# How to make artist friends?



## lightlyused (Jan 2, 2022)

Hello! I was wondering if any artists on the site enjoy networking/trading tips/etc? To be totally honest I've fairly new to the site and fandom in general and would love to meet someone who's got a little more experience navigating the community.

Not totally sure if I have a specific questions, but I'd love any advice/critiques other artists have of my work!


----------



## lightlyused (Jan 2, 2022)

Here's an example of one of my drawings!


----------



## Lioedevon427 (Jan 2, 2022)

I don’t have too much experience either, but your art looks really pretty ^w^


----------



## Fcomega121 (Jan 2, 2022)

lightlyused said:


> Here's an example of one of my drawings!


awww!!! I love your art!!
is so cute and fluffy!! >w<

you seem really cool lightyu :3
I can recommend you joining a cool discord art server I'm in if you like to hehe
it's a really cozy place where you can share arts, ask for opinions/critique, help others with their arts, just socialize and etc. ^w^


----------



## lightlyused (Jan 2, 2022)

Lioedevon427 said:


> I don’t have too much experience either, but your art looks really pretty ^w^


Thank you! That really means a lot!


----------



## lightlyused (Jan 2, 2022)

Fcomega121 said:


> awww!!! I love your art!!
> is so cute and fluffy!! >w<
> 
> you seem really cool lightyu :3
> ...


I would honestly love that! <3
And fluffy characters are definitely my favorite to draw!


----------



## The_biscuits_532 (Jan 2, 2022)

lightlyused said:


> I would honestly love that! <3
> And fluffy characters are definitely my favorite to draw!


Owner is @PaxTerra

I'm in the same server!


----------



## lightlyused (Jan 2, 2022)

The_biscuits_532 said:


> Owner is @PaxTerra
> 
> I'm in the same server!


How do I join?

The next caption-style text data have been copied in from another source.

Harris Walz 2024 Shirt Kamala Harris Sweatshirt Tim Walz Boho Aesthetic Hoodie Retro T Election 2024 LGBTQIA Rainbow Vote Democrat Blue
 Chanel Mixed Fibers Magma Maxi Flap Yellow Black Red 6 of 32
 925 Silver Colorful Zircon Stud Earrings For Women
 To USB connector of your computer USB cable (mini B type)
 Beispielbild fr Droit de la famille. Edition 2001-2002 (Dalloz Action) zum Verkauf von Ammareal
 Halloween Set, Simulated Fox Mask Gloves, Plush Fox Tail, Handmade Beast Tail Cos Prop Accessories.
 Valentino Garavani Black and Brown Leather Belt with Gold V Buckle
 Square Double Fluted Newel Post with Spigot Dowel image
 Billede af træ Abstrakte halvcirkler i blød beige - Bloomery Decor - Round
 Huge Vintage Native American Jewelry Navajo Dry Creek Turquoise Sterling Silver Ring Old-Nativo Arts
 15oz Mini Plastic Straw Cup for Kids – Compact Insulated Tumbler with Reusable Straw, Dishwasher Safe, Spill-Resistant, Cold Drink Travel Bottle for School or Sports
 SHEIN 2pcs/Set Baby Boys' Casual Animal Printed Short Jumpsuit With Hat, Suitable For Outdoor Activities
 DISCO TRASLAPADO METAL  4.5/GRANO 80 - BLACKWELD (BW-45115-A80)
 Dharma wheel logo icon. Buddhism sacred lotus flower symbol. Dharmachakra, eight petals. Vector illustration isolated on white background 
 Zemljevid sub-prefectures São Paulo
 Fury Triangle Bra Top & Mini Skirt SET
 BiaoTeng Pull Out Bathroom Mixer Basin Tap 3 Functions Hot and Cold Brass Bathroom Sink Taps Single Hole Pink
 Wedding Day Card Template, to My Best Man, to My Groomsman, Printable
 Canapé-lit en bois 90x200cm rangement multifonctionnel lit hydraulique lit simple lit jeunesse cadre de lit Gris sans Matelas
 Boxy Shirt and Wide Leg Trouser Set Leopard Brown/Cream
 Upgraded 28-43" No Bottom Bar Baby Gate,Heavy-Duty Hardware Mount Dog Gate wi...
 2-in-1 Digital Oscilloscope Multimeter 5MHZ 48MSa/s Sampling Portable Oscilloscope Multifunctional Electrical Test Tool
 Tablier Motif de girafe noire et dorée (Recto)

I'm useless at Discord tbh


----------



## Hound-of-chulainn (Jan 2, 2022)

I've got plenty of years logged as an artist, but not much to show for it, but I mostly do it as a hobby these days.  ^_^"
I keep my anthro art and personal art pages separate, and I occasionally forget to update one or both pages. xD
Do you have somewhere you post your art?


----------



## lightlyused (Jan 2, 2022)

Hound-of-chulainn said:


> I've got plenty of years logged as an artist, but not much to show for it, but I mostly do it as a hobby these days.  ^_^"
> I keep my anthro art and personal art pages separate, and I occasionally forget to update one or both pages. xD
> Do you have somewhere you post your art?


I post on Furaffinity, but I do (and plan to continue) to post NSFW stuff I've done for people there. I literally just made an account yesterday, but the drawings are stuff i've done for people/stuff in general recently. So you're more than welcome to follow, but it might get kind of weird sometimes based on requests I'm given by people? ^^;
If that's okay, my username is the same there as it is here!


----------



## lightlyused (Jan 2, 2022)

Hound-of-chulainn said:


> I've got plenty of years logged as an artist, but not much to show for it, but I mostly do it as a hobby these days.  ^_^"
> I keep my anthro art and personal art pages separate, and I occasionally forget to update one or both pages. xD
> Do you have somewhere you post your art?


OH DUH and I have an Instagram that isn't furry-related, just SFW commissions/personal drawings I've done for friends.








						(@ART33ST) • Instagram photos and videos
					

63 Followers, 9 Following, 57 Posts - See Instagram photos and videos from  (@ART33ST)




					www.instagram.com


----------



## Hound-of-chulainn (Jan 2, 2022)

lightlyused said:


> I post on Furaffinity, but I do (and plan to continue) to post NSFW stuff I've done for people there. I literally just made an account yesterday, but the drawings are stuff i've done for people/stuff in general recently. So you're more than welcome to follow, but it might get kind of weird sometimes based on requests I'm given by people? ^^;
> If that's okay, my username is the same there as it is here!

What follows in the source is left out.